### Assigned task
Quote, exactly, the line holding "Denzel Washington Beautiful" and all lines after it to the end of the records below. Exclude pictures.

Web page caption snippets
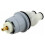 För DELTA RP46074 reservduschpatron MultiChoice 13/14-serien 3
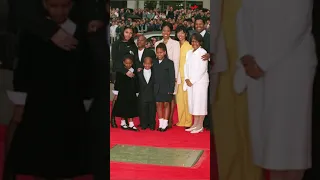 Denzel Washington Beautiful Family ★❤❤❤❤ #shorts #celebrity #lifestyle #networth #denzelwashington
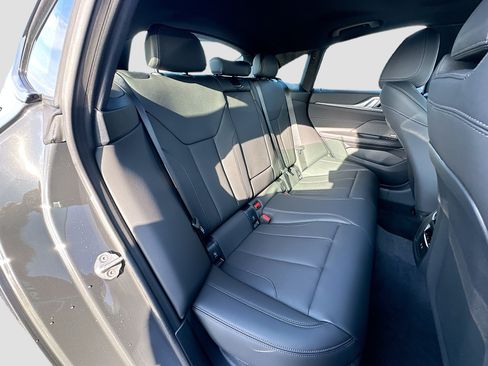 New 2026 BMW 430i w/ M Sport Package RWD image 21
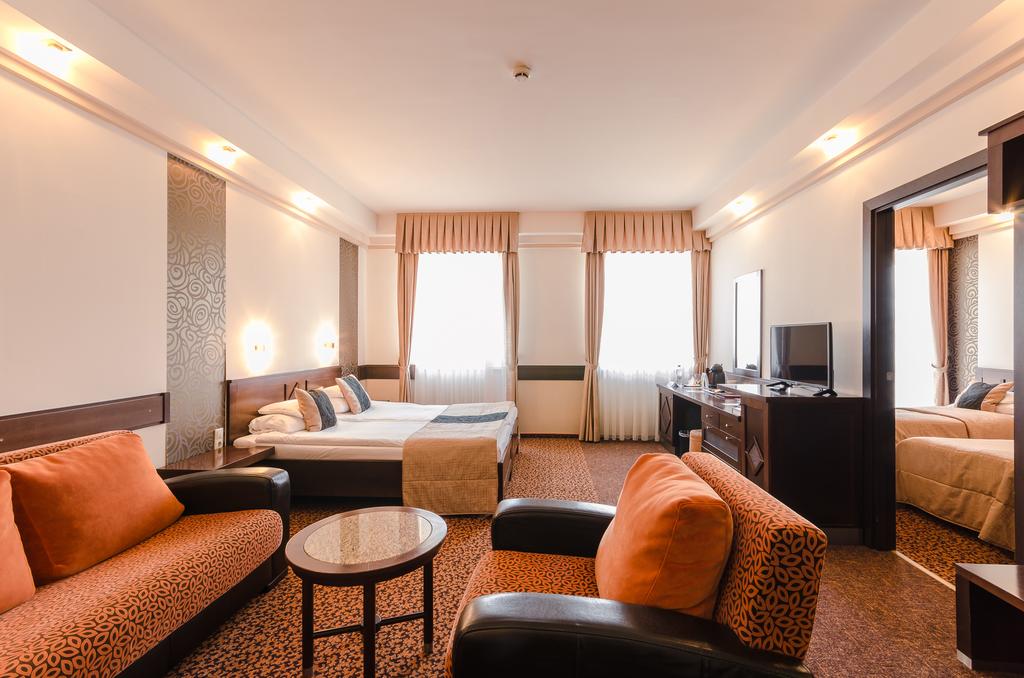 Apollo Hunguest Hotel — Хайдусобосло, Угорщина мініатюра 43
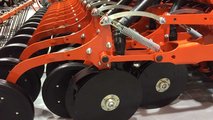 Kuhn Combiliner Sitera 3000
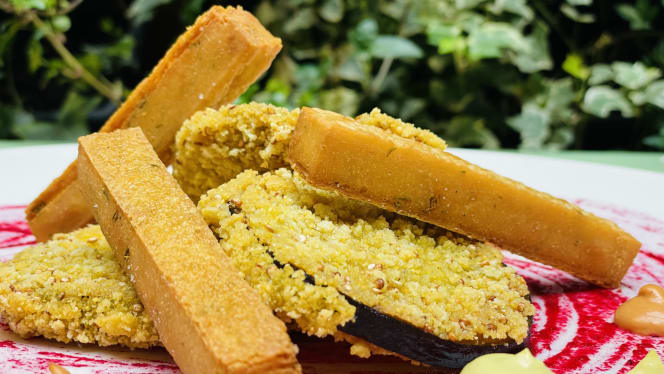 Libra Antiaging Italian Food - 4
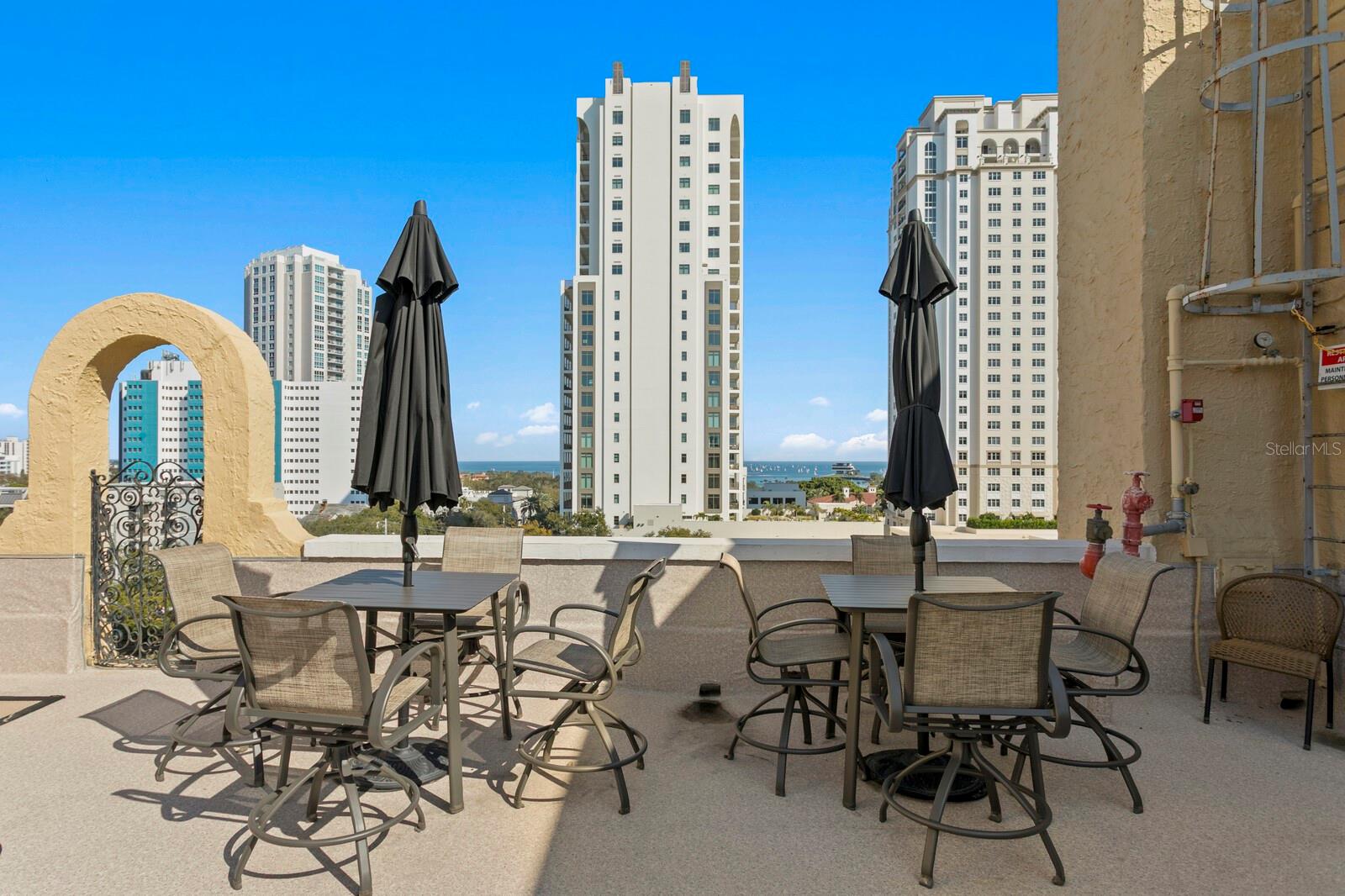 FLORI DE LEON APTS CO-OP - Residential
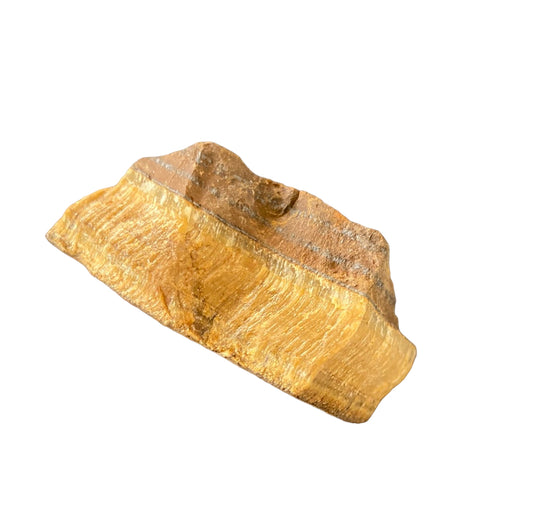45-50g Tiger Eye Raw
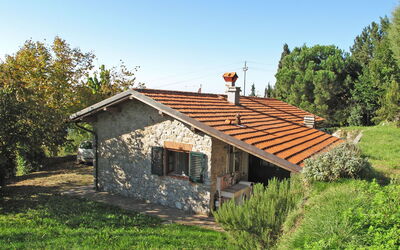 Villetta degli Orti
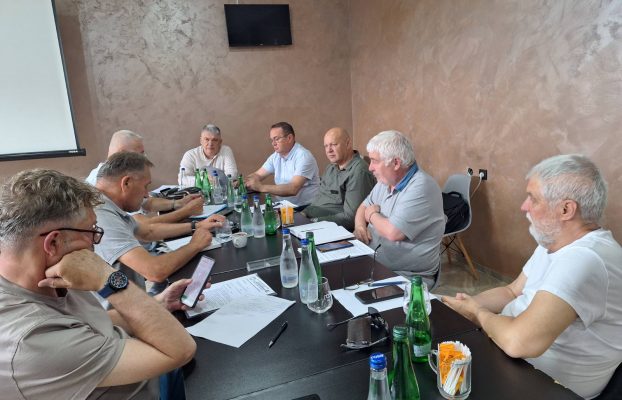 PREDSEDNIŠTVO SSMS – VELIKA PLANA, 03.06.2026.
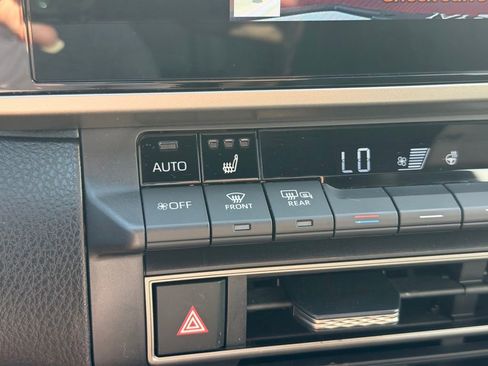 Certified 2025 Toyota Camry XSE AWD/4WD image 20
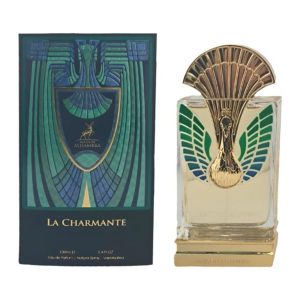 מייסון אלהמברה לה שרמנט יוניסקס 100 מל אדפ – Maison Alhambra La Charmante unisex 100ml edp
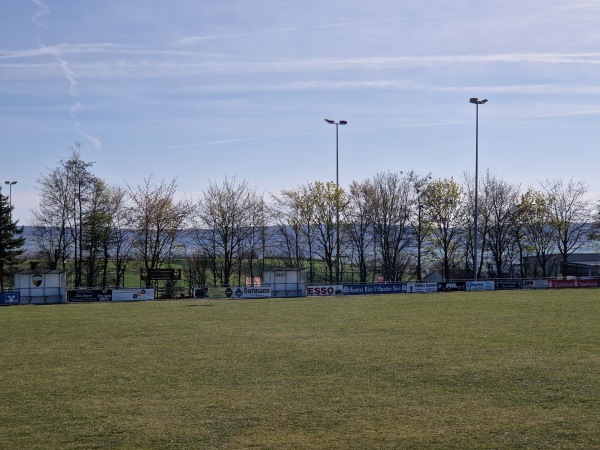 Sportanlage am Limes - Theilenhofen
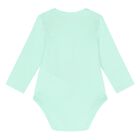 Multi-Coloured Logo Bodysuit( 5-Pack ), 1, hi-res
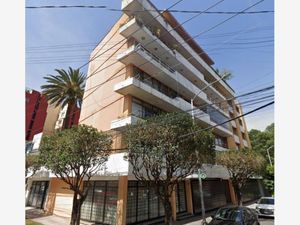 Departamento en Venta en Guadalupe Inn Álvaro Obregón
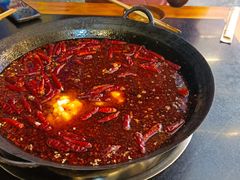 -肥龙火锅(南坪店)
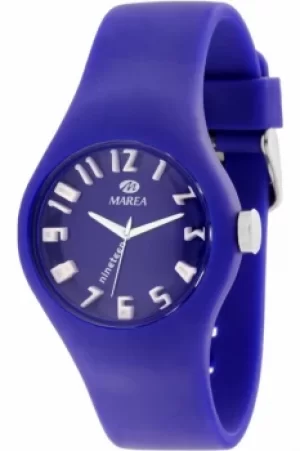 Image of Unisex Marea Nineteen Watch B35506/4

### Response
 Denzel Washington Beautiful Family ★❤❤❤❤ #shorts #celebrity #lifestyle #networth #denzelwashington
 New 2026 BMW 430i w/ M Sport Package RWD image 21
 Apollo Hunguest Hotel — Хайдусобосло, Угорщина мініатюра 43
 Kuhn Combiliner Sitera 3000
 Libra Antiaging Italian Food - 4
 FLORI DE LEON APTS CO-OP - Residential
45-50g Tiger Eye Raw
 Villetta degli Orti
 PREDSEDNIŠTVO SSMS – VELIKA PLANA, 03.06.2026.
 Certified 2025 Toyota Camry XSE AWD/4WD image 20
 מייסון אלהמברה לה שרמנט יוניסקס 100 מל אדפ – Maison Alhambra La Charmante unisex 100ml edp
 Sportanlage am Limes - Theilenhofen
 Multi-Coloured Logo Bodysuit( 5-Pack ), 1, hi-res
 Departamento en Venta en Guadalupe Inn Álvaro Obregón
 -肥龙火锅(南坪店)
 Image of Unisex Marea Nineteen Watch B35506/4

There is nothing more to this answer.